The aim of observability is to solve customer issues quickly. Creating monitoring dashboards is useless if it can’t help engineering teams quickly identify the root causes of performance issues.

A modern distributed software system has a lot of moving components. So while setting up monitoring, you might not know what answers you would need to solve an issue.

Observability enables application owners to get answers to any question that might arise while debugging application issues.

Requirments

Kubernetes cluster
kubectl
helm
Public / Private cloud
Elastic Cloud
Terraform

Note

In order this example to work you need kubernetes cluster up and running. In order to create it go to the terraform folder and apply all the files

terraform init 
terraform apply

For obtaining yandex kubernetes config execute the following command

yc managed-kubernetes cluster get-credentials observability-k8s --external

Implementation

Logs

For setting up classical logs processing we need the following components:

Log shipper
Log aggregation system
Data visualization tool

There are 2 main stacks right now for implementing Kubernetes logging: EFK and PLG. In this setup I'll show both of them, if you need more info about particular stack I suggest this comparison

EFK stack

Fluent-bit - log shipper
ElasticSearch - log aggregation system
Kibana - data visualization tool

NOTE: in this setup I'll be using elastic cloud so you need to have an elastic cloud account to follow along

Don't forget to add a fluent helm repository

helm repo add fluent https://fluent.github.io/helm-charts
helm repo update

Before we jump into fluent-bit setup you need to obtain elastic cloud credentials. After your elastic deploy was created click Manage button and grab cloud-id and host (near elasticsearch instance, button Copy endpoint). Cloud auth it's a credentials from elasticsearch when cloud was originally created (csv file) separated with : (e. g. deployname:secret)

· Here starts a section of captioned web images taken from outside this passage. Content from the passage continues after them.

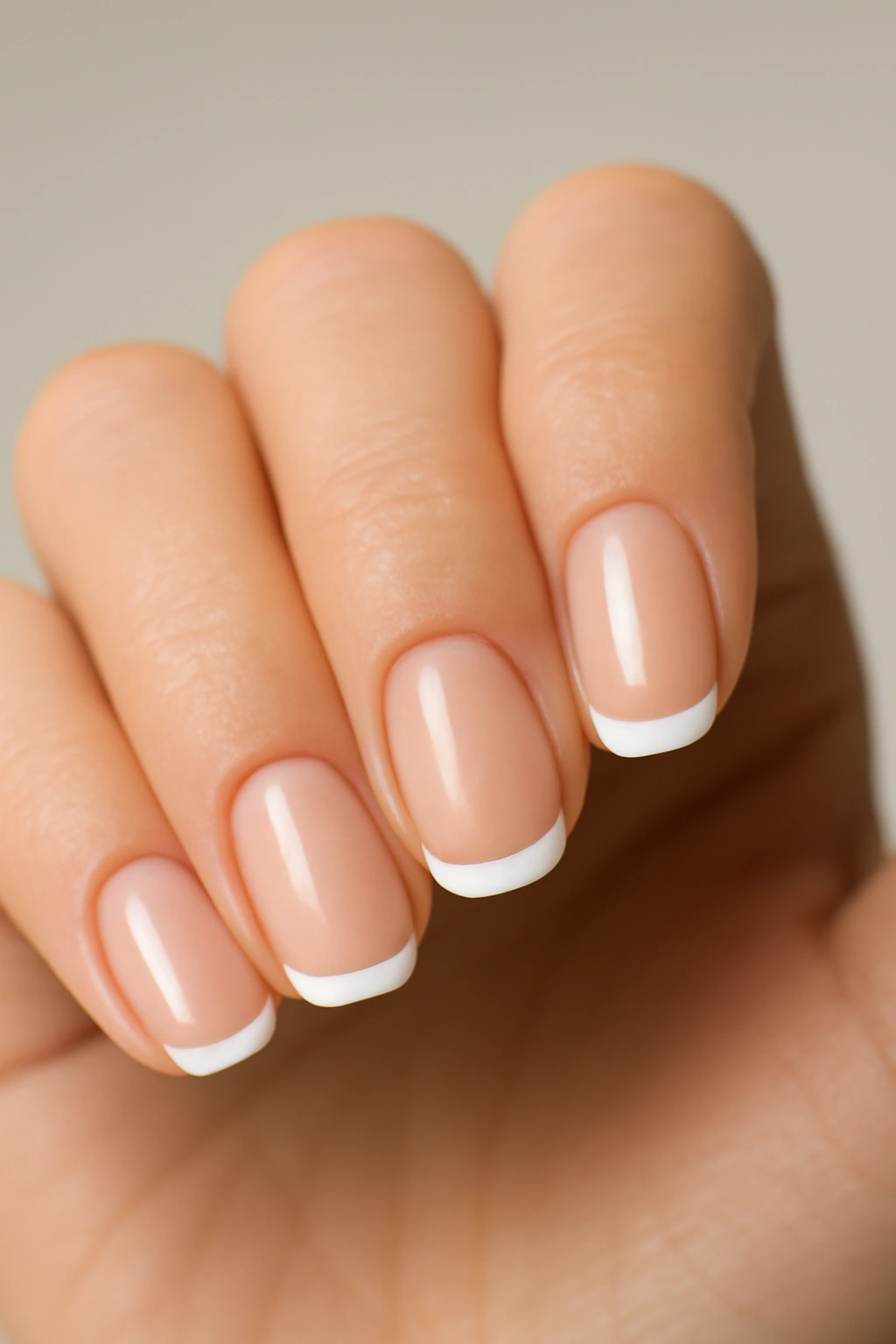 Close-up of a hand showing a classic French manicure with nude base and white tips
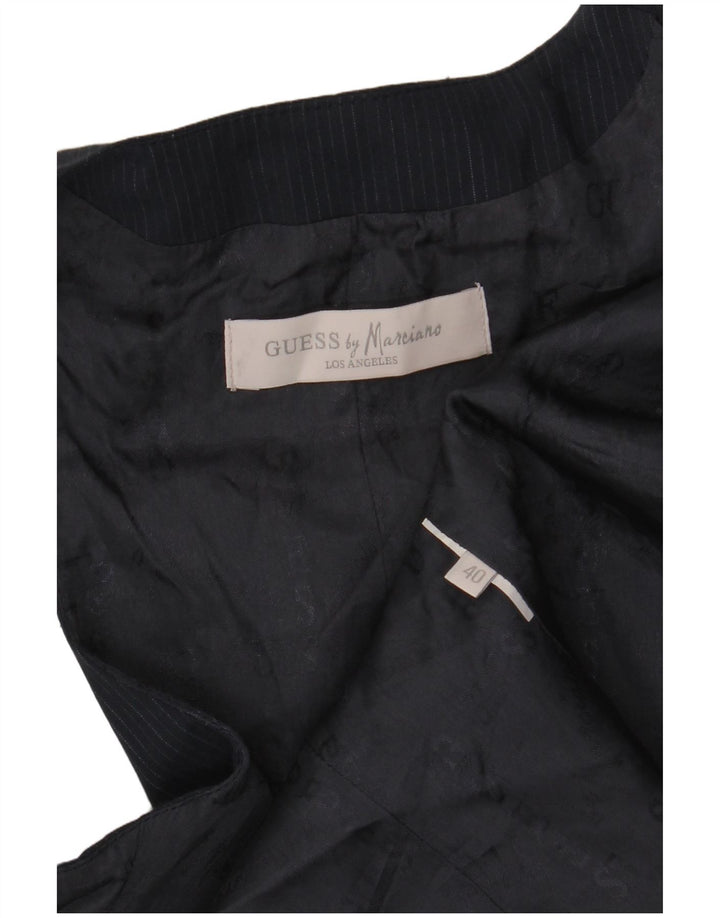 Guess By Marciano Womens Waistcoat IT 40 Small Navy Blue Pinstripe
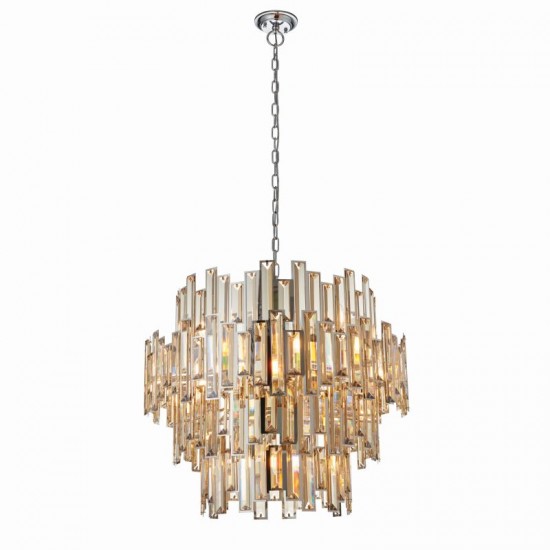 22788-001 Chrome 15 Light Pendant with Champagne Crystal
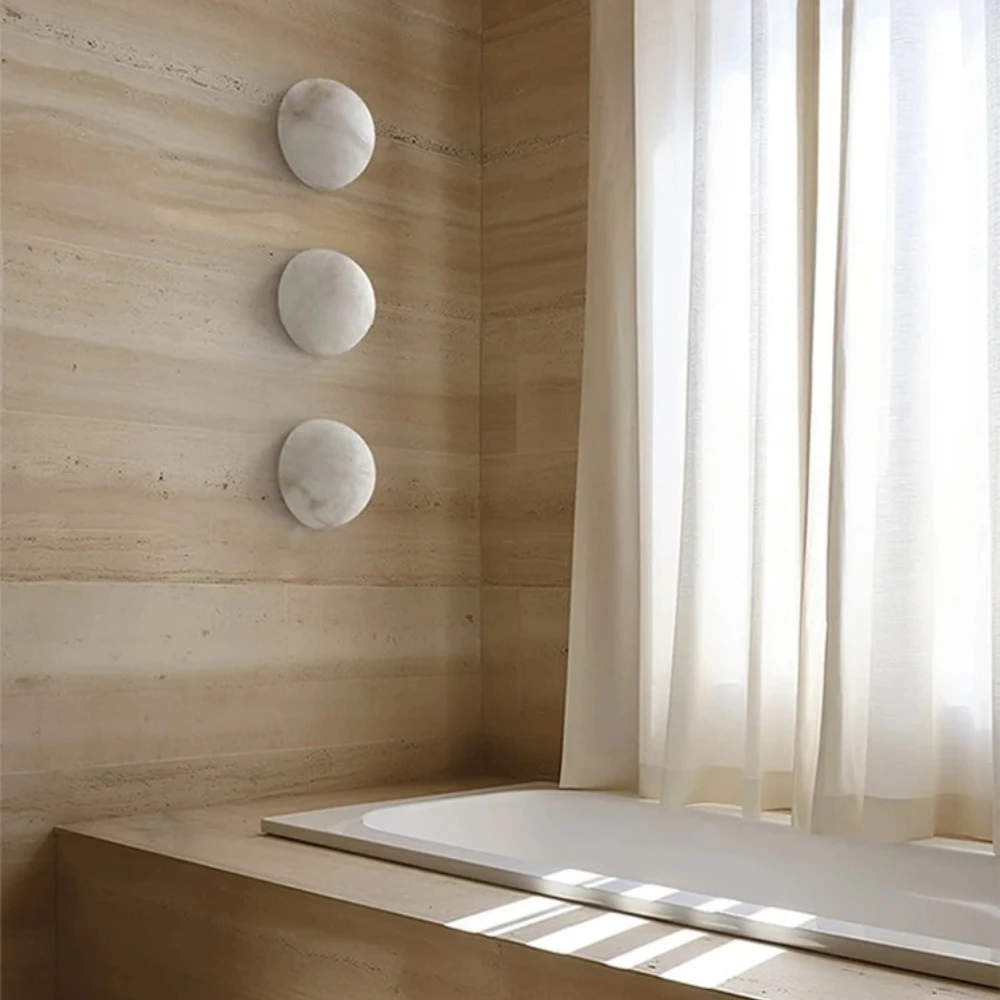Natural Alabaster LED Wall Lamp Nordic Round Marble 3000K White Light Ball Marble LED Wall Lights Bedroom Living Room Home Decor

Example fluent-bit config for elastic cloud should be like this (you can find it inside helm-values folder). Fill it with your credentials and proceed to th next step

Now we can deploy our fluent-bit into the cluster with helm

helm install -n logging --create-namespace --values ./helm-values/fluent-bit-values.yaml fluent-bit fluent/fluent-bit

If we inspect fluent-bit logs, we should be able to see that fluent-bit already started some fs readers

And successfully dilivered logs to elastic cloud

Alright let's have a little demo. We're about deploy a sample perl pi job from official kubernetes docs, and deliver it's logs to the elastic cloud

Deploy a sample pi job

kubectl apply -f https://kubernetes.io/examples/controllers/job.yaml

Let's again inspect fluent-bit logs

fluent-bit already pick up our pi container logs and started another reader with id 16

After a little while logs will be delivered to the elastic cloud

PLG stack

promtail - log shipper
Loki - log aggregation system
Grafana - data visualization tool

Don't forget to add a grafana helm repository

helm repo add grafana https://grafana.github.io/helm-charts
helm repo update

For installing Loki we can use loki-stack helm chart from grafana repository

helm install -n logging --create-namespace loki grafana/loki-stack --set grafana.enabled=true

After loki is up and running we can access grafana by doing port-forward

kubectl port-forward -n logging service/loki-grafana 30000:80

In order for obtaining grafana admin-password execute the following command

kubectl get secret -n logging loki-grafana -o jsonpath="{.data.admin-password}" | base64 --decode; echo

After success login to grafana go to the Explore > Loki and in field type {container="loki"} and then press Run query button.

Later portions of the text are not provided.